__Entries supplied__

____________

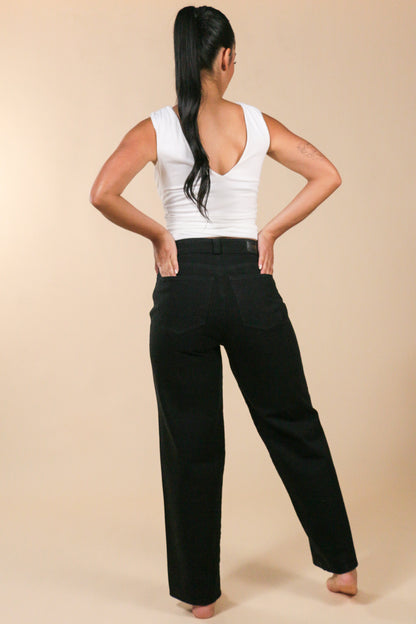 [2197] Wide Leg Jeans Negros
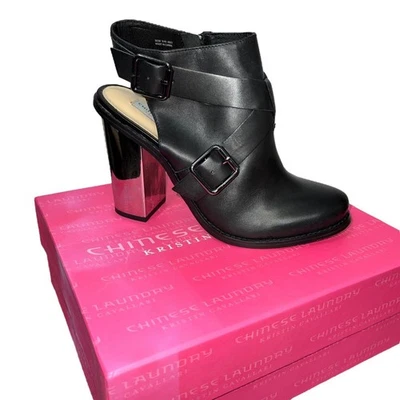 中国洗衣女式短靴 Remi 镜跟黑色银色派对 9 码 — 第 1/4 张图片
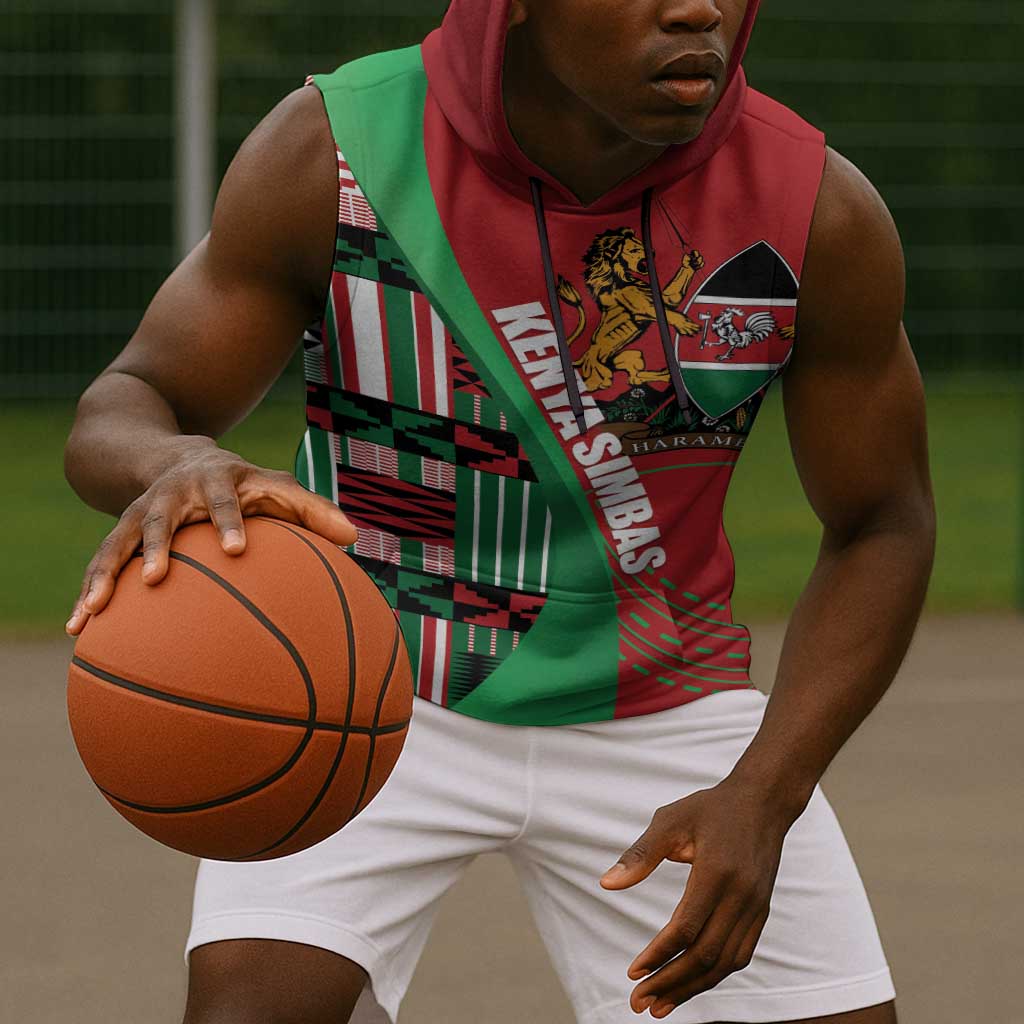 Custom Kenya Cricket Sleeveless Hoodie Simbas African Kente - African Pride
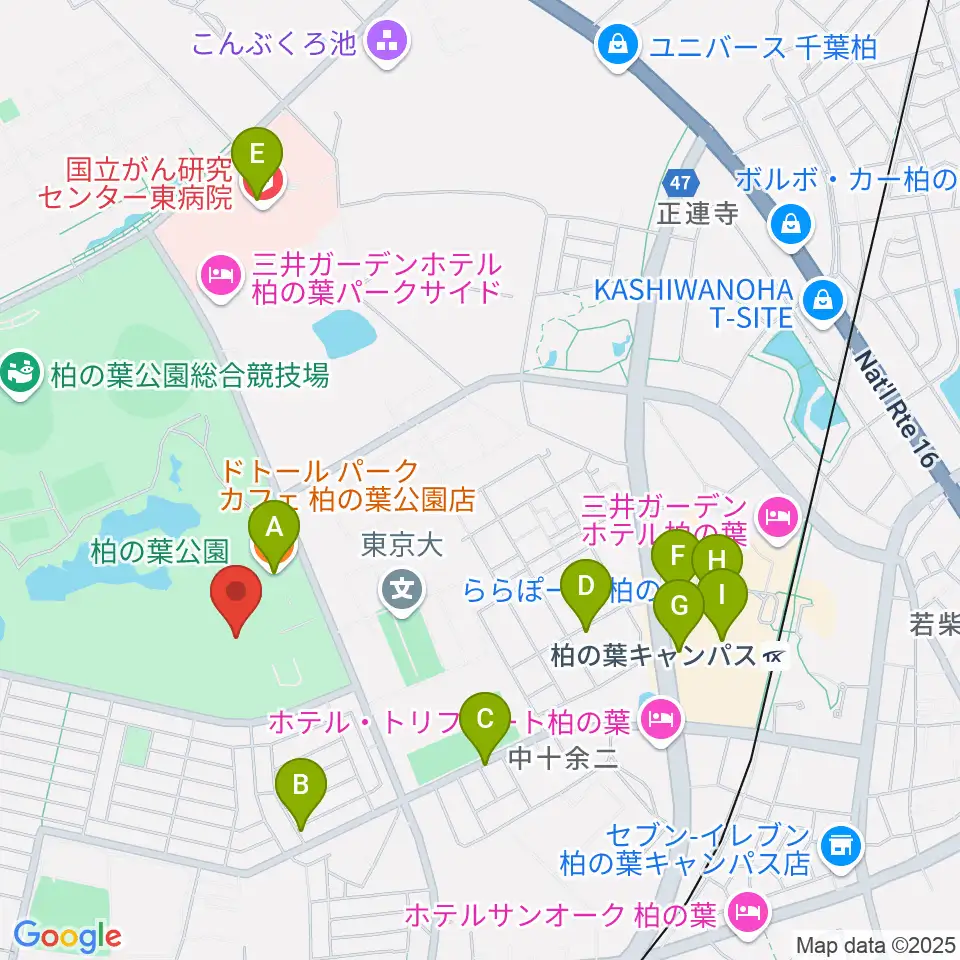 柏の葉公園コミュニティ体育館周辺のカフェ一覧地図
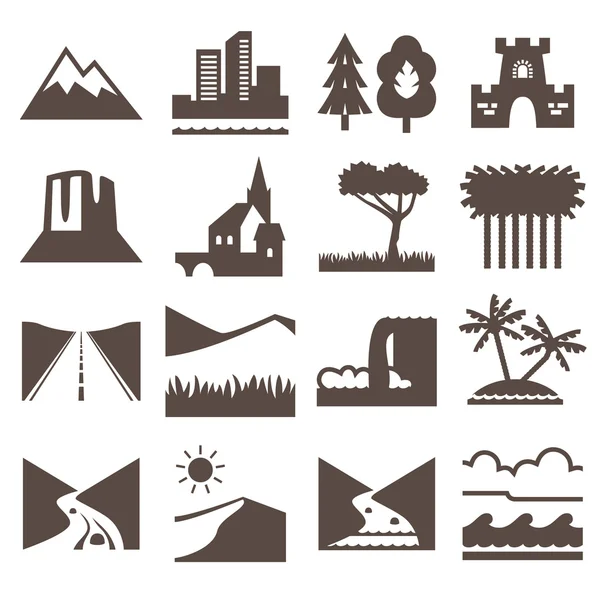 Terrain, ensemble d'icône de localité . — Image vectorielle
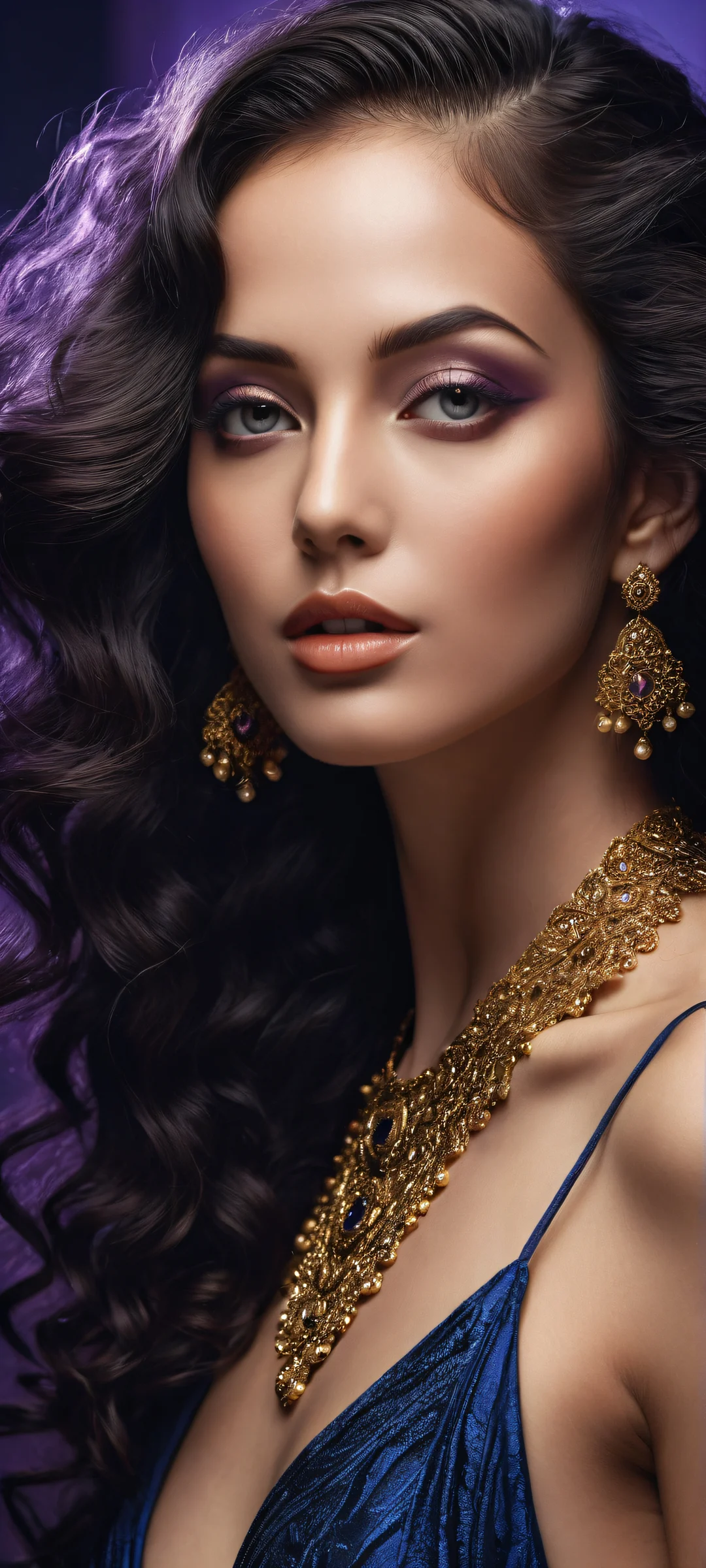 A stunning female figure with long hair on a dark mode background, perfect for iPhone and Android home screens.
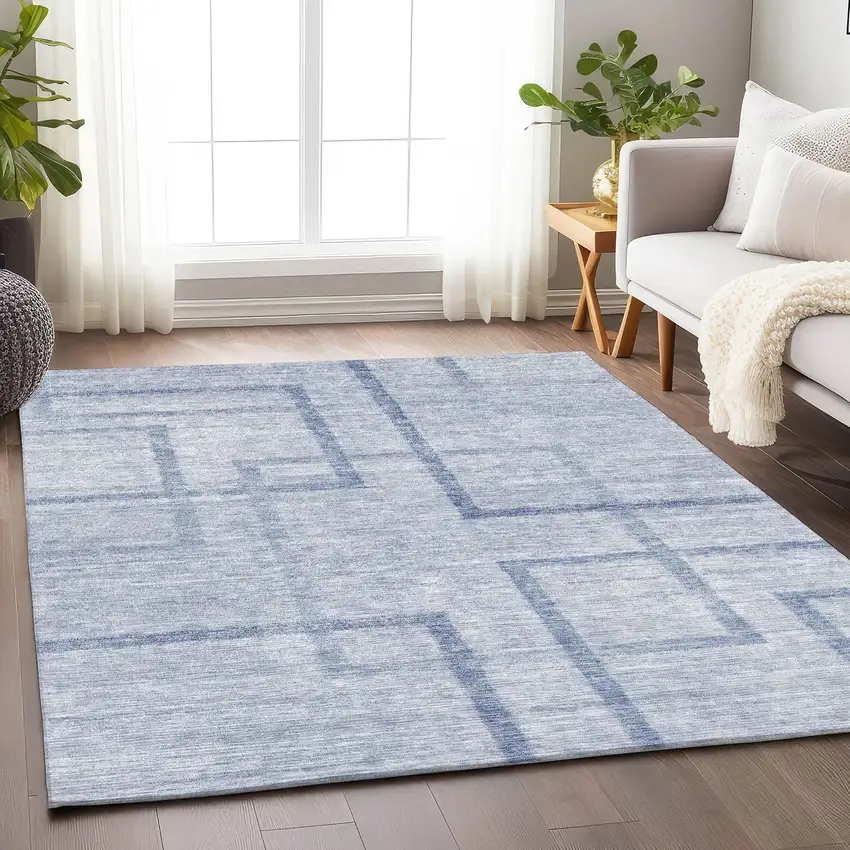 Sky Blue And Ivory Geometric Washable Area Rug With UV Protection Photo 6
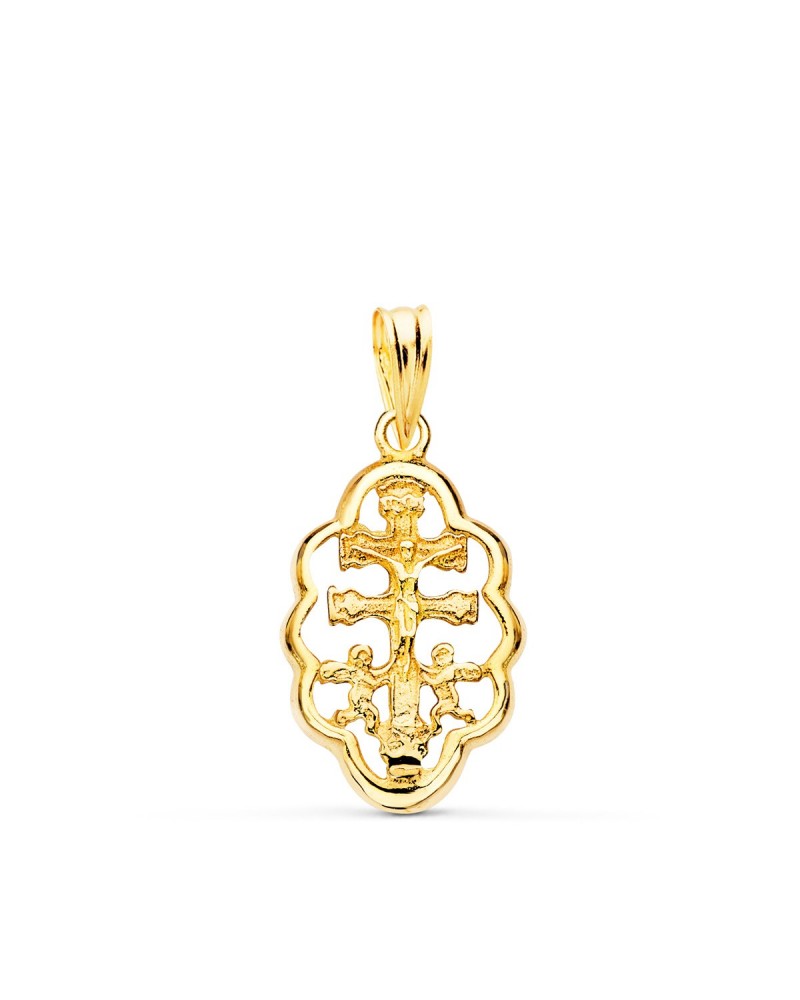 Colgante oro 18k Cruz de Caravaca orla 18x12mm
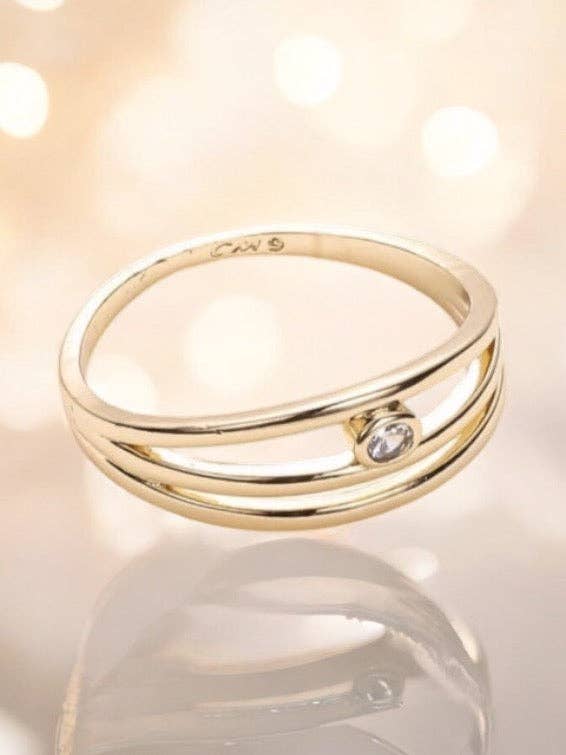 Apilable con anillo de piedra CZ chapado en oro de 14K para venta al por mayor de Divina Jewelry & Accessories LLC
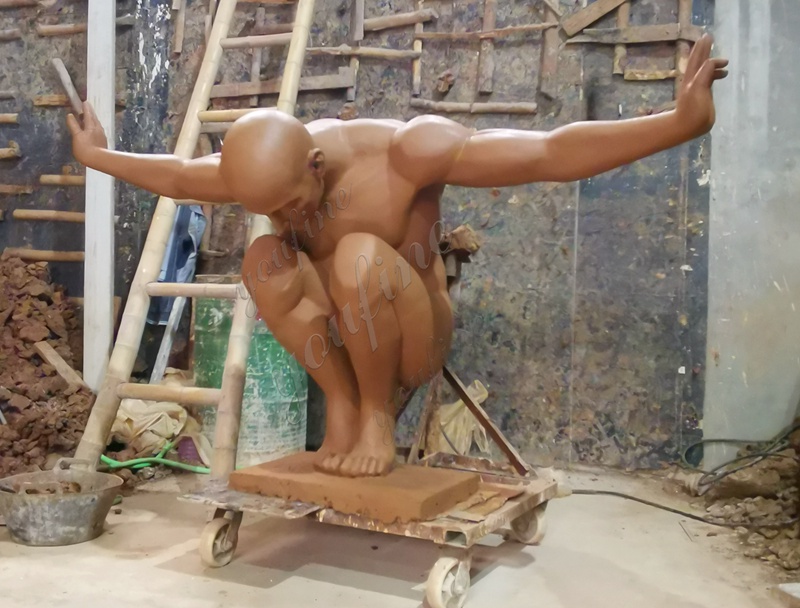 Diving sculpture clay model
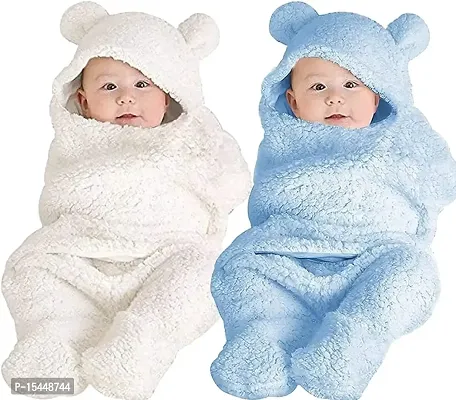 BRANDONN Baby Sleeping Bag Newborn Combo Pack of Wearable Wrapper Cum Baby Blanket for Baby Boys and Baby Girls-thumb0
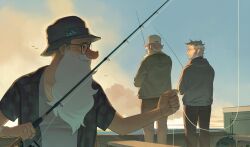  3boys beard blue_sky clouds cloudy_sky crispyartdev day facial_hair fiddleford_mcgucket fishing fishing_line fishing_rod flower ford_pines fur_trim gravity_falls green_jacket grey_hair grey_hoodie grunkle_stan hat hat_flower hawaiian_shirt highres holding holding_fishing_rod hood hood_down hoodie jacket looking_at_another male_focus multiple_boys outdoors round_eyewear shirt sideburns sidelighting simple_bird sky smile undershirt warm_colored white_hair white_shirt 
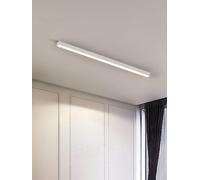 LED Salon Plafonnier Dimmable Cuisine Noir Lamp de plafond Acrylique Lampe miroir Aluminium Longue rampe lumineuse Plafonnier Salle de bain pour couloir Bureau Chambre à coucher (Blanc,80cm)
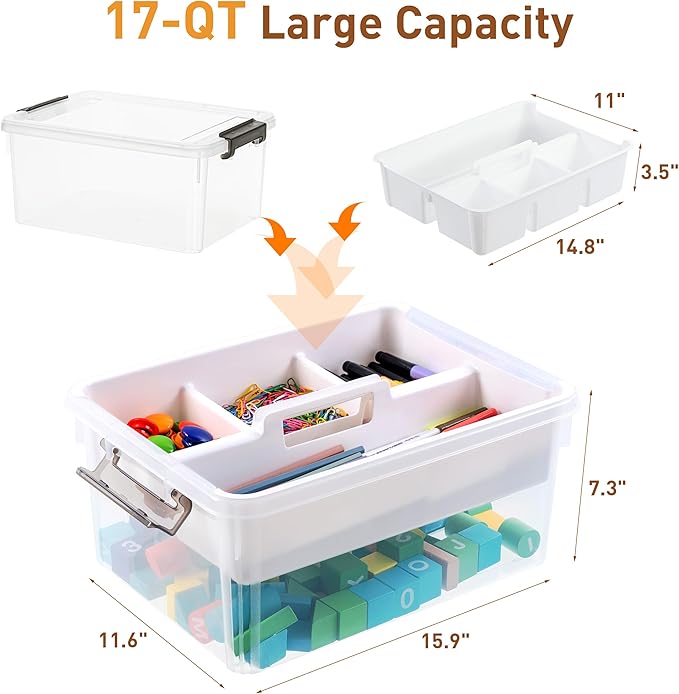 Citylife 17 QT Plastic Storage Bins Clear Storage Box - Image 2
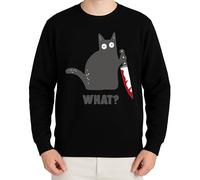 Quoi ? Chat d'Halloween amusant avec couteau - Pull au design humour sombre, Noir , L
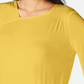 Blusa feminina Thalia Sodi com manga flare e babados, tamanho grande, amarela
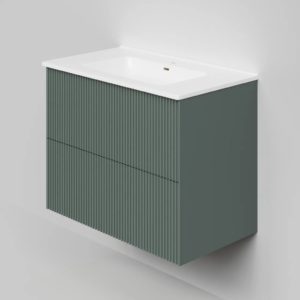 Тумба под раковину La Fenice Terra Twin Grigio 80 см серо-зелёная матовая-фото1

____________

__Task prompt__
Omit the pictures, then output every record exactly as given.

__Problem solution__
 [2197] Wide Leg Jeans Negros
 中国洗衣女式短靴 Remi 镜跟黑色银色派对 9 码 — 第 1/4 张图片
 Custom Kenya Cricket Sleeveless Hoodie Simbas African Kente - African Pride
 柏の葉公園コミュニティ体育館周辺のカフェ一覧地図
 Terrain, ensemble d'icône de localité . — Image vectorielle
 A stunning female figure with long hair on a dark mode background, perfect for iPhone and Android home screens.
 Sky Blue And Ivory Geometric Washable Area Rug With UV Protection Photo 6
 Colgante oro 18k Cruz de Caravaca orla 18x12mm
 Apilable con anillo de piedra CZ chapado en oro de 14K para venta al por mayor de Divina Jewelry & Accessories LLC
 Diving sculpture clay model
 BRANDONN Baby Sleeping Bag Newborn Combo Pack of Wearable Wrapper Cum Baby Blanket for Baby Boys and Baby Girls-thumb0
  3boys beard blue_sky clouds cloudy_sky crispyartdev day facial_hair fiddleford_mcgucket fishing fishing_line fishing_rod flower ford_pines fur_trim gravity_falls green_jacket grey_hair grey_hoodie grunkle_stan hat hat_flower hawaiian_shirt highres holding holding_fishing_rod hood hood_down hoodie jacket looking_at_another male_focus multiple_boys outdoors round_eyewear shirt sideburns sidelighting simple_bird sky smile undershirt warm_colored white_hair white_shirt 
 LED Salon Plafonnier Dimmable Cuisine Noir Lamp de plafond Acrylique Lampe miroir Aluminium Longue rampe lumineuse Plafonnier Salle de bain pour couloir Bureau Chambre à coucher (Blanc,80cm)
 Citylife 17 QT Plastic Storage Bins Clear Storage Box - Image 2
 Quoi ? Chat d'Halloween amusant avec couteau - Pull au design humour sombre, Noir , L
 Blusa feminina Thalia Sodi com manga flare e babados, tamanho grande, amarela
 Тумба под раковину La Fenice Terra Twin Grigio 80 см серо-зелёная матовая-фото1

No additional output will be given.